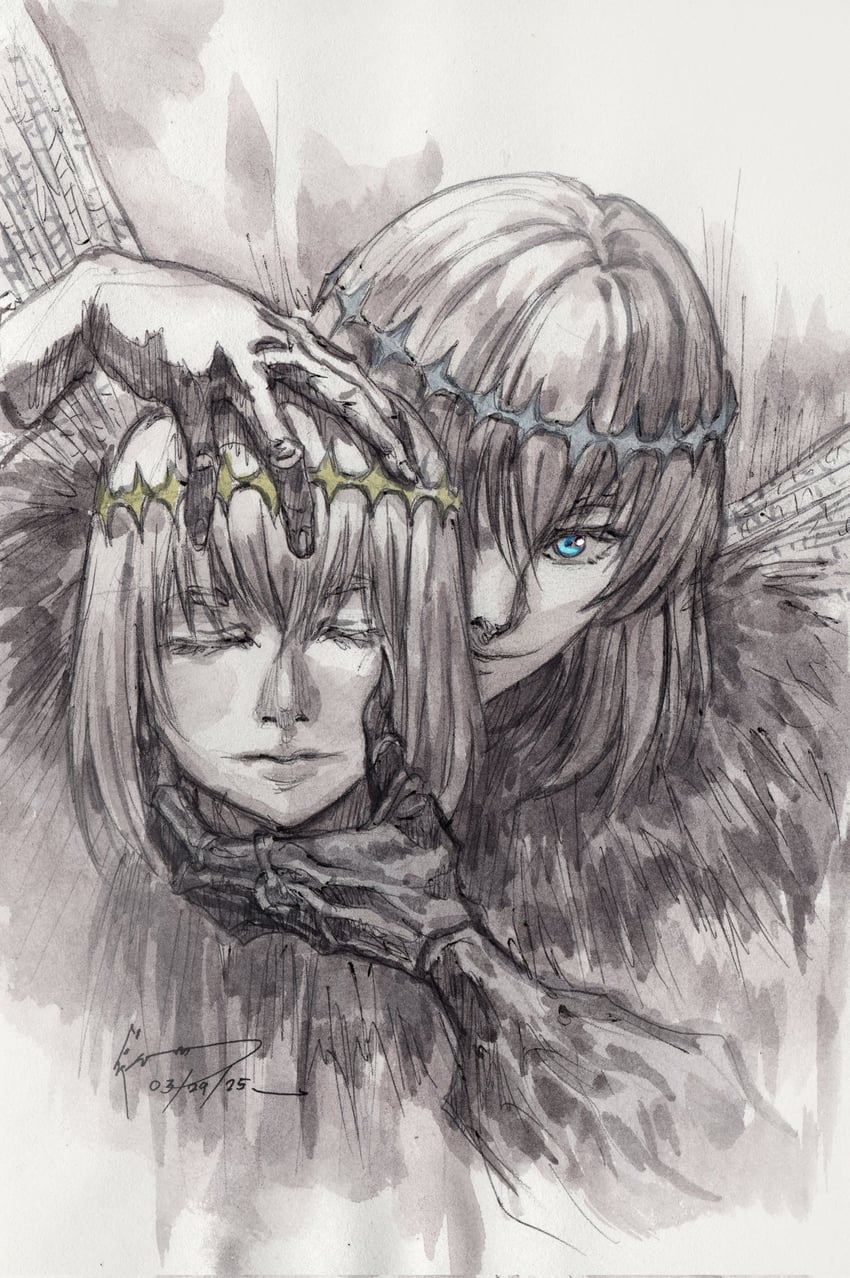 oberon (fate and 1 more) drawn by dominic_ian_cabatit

---------------

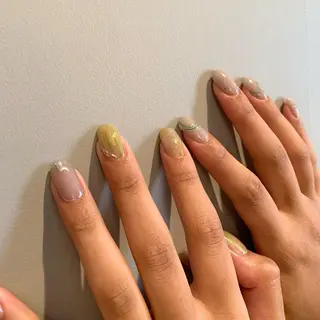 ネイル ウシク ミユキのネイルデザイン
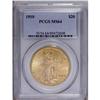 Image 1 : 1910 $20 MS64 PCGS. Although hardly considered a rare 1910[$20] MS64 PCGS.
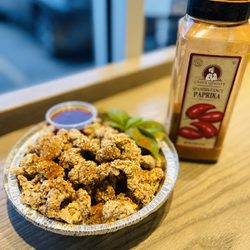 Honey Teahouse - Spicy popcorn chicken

---------------

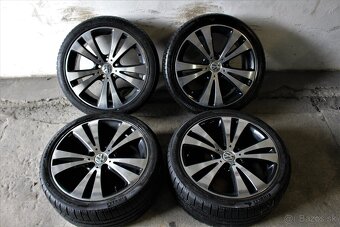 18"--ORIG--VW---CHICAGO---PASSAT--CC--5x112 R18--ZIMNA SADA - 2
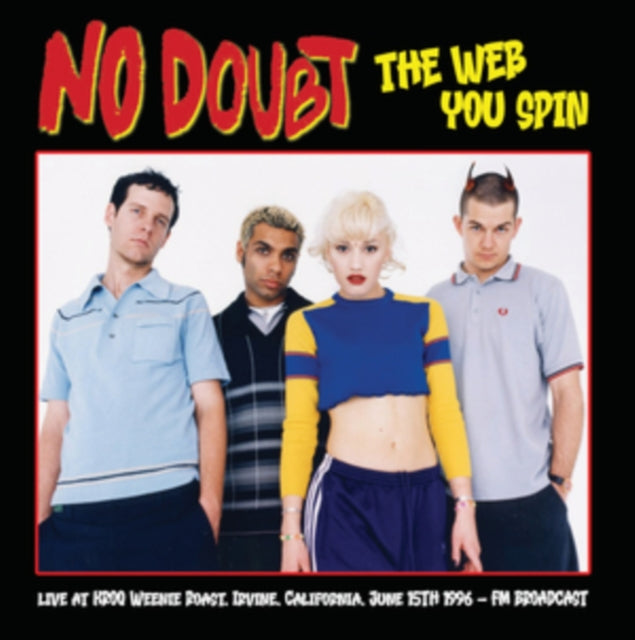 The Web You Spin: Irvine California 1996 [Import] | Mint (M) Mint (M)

---------------

Write out, word for word, the stretch of entries that begins at the line with "Image 1 : 1910" and ends at the line with "Honey Teahouse - Spicy popcorn chicken". Pictures do not belong in it.

 Image 1 : 1910 $20 MS64 PCGS. Although hardly considered a rare 1910[$20] MS64 PCGS.
 Honey Teahouse - Spicy popcorn chicken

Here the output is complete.